See also opinions to Rev. H. C. Foote, June 25 and 30, 1908.

LIQUOR LAWS. Qualifications of sureties on liquor bonds, and obligation of saloon-keeper to know that sureties are properly qualified.

July 24, 1907.

Mr. John H. Fleming, St. Ignace, Michigan: Dear Sir-I am in receipt of yours of July twenty-second, in which you state to me

"A few days before the bill creating the new township went into effect, one Ben Hudson, desiring to run a saloon in the new township when formed, secured his bondsmen, who executed a bond May 11, 1907, but the bond was not presented to the township board of the township of Hendricks for approval, but it was held until the new township came into existence, which was on May 14, 1907, when the bond was presented without change and approved very promptly by that board.

The bondsmen, at the time of signing the bond, were residents of the township of Hendricks, and the bond so recites, although they are, by the division aforesaid, now residents of the new township.”

My opinion is that these men, so far as concerns this question, are legal sureties. They reside in the township in which the bond is to operate and in which it is proposed to carry on the business. This satisfies the statute.

You further state

"At the time of signing the bond they were both of them school officers in the township of Hendricks."

This would clearly disqualify them from acting as sureties upon the bond. That part of the statute which is an inhibition against this is as follows-"Neither of whom shall hold any elective or appointive office in any county, city, village or township of this state, except notaries public."

Again, you state

"At the time of signing the bond neither of them had any real estate in his own name in the county."

If this should prove to be correct, this would disqualify them, also, from being sureties upon the bond. The provision of the statute is very clear, that they should be freeholders, and if they are the owners of no real estate in the county they are not freeholders of the county nor of the township in which they live.

As to the bad faith of the board that approved the bond, it is not

necessary to consider that question.

The foregoing defects the saloonkeeper himself is bound to know are made right and comply with the law at his peril, and the action of the approving board does not relieve him of this obligation. If these defects exist, you should launch a prosecution against him at once. This would be justified under

Wolcott v. Judge of Superior Court, 112 Mich. 311.

The material part of that decision, bearing upon this question, is as follows

"He (speaking of the saloon-keeper) must know that his sureties are males and that they are resident freeholders of the township, village or city in which the business is to be carried on; that they hold none of the offices prohibited by the act," etc.
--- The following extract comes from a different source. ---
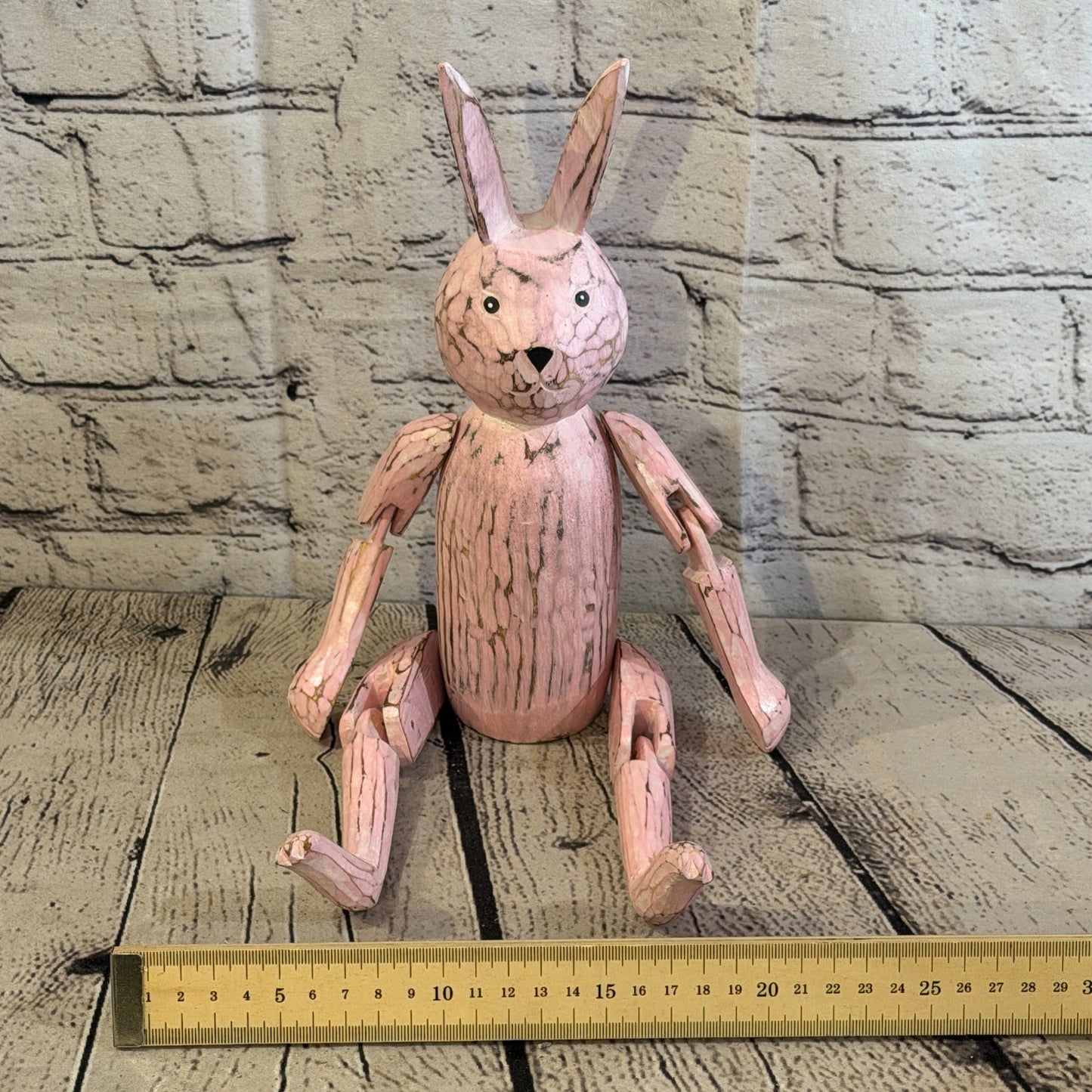 25cm Pink Bunny Rabbit Sitting Animal, Wooden Shelf Ornament Handmade Fairtrade6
If this was a case of oversight and the bond was good otherwise, I think the prosecuting officer of the county should bear with a good deal in these matters; but if, as you say, it is the rule to give "straw" bonds, I think it is your duty to wade into the proposition and teach them a lesson.

Trusting that this will make the way clear for you, I am,
Very truly yours,

JNO. E. BIRD,
Attorney General.

APPROPRIATION ACT. Binder twine and cordage plant for the state prison at Jackson: House enrolled act 393, which was signed by the governor did not contain the word "thousand" after the words "one hundred seventy-five" as in the original bill passed by the Legisla ture. Held that money should not be paid out until error corrected or law declared valid by supreme court.

July 25, 1907.

Hon. James B. Bradley, Auditor General, Capitol, Lansing, Michigan : Dear Sir:-I have carefully considered your oral inquiry submitted through Mr. Hamilton in which you ask for my opinion as to the validity of House Enrolled Act No. 393, being:

"An act to provide for the installation, maintenance, equipment and operation of a twine and cordage plant to be operated by prison labor at the State Prison at Jackson, Michigan, to provide for the sale and disposition of the manufactured product; to define the duties of the warden and board of control of said prison in relation thereto; to make an appropriation for the fiscal year ending June thirty, nineteen hundred eight, to carry into effect the object and purposes of this bill and to provide a tax to meet the same."

The bill was introduced in the House March 13 and referred to the Committee on State Prison, (House Journal p. 564) which committee on March 27 reported the bill out with the recommendation that it pass which report was accepted and the bill referred to the Committee on Ways and Means. House Journal pp. 731, 732. April 11 the Committee on Ways and Means reported the bill out with certain amendments which report was accepted, the amendments adopted and the bill referred to the Committee of the Whole and made a special

order for April 18. House Journal pp. 878, 879. On April 18 the bill was considered as a special order and was passed by the House. House Journal pp. 956, 957, 958. On April 19 the bill was transmitted to the Senate where it was read a first and second time by its title and referred to the Committee on State Prison at Jackson. Senate Journal pp. 887, 888. May 2 the Committee on State Prison at Jackson reported the bill out with the recommendation that it be referred to the Committee on Finance and Appropriations which report was accepted and adopted. Senate Journal p. 1021. June 12 the Committee on Finance and Appropriations reported the bill out with the recommendation that it pass which report was accepted and adopted and the bill referred to the Committee of the Whole and placed on the General Order. Senate Journal pp. 1657, 1658. June 13 the Committee of the Whole was discharged from further consideration of the bill and it was passed by the Senate. Senate Journal p. 1660. June 14 the bill was returned to the House by the Senate and referred to the clerk for printing and presentation to the Governor. House Journal p. 1856.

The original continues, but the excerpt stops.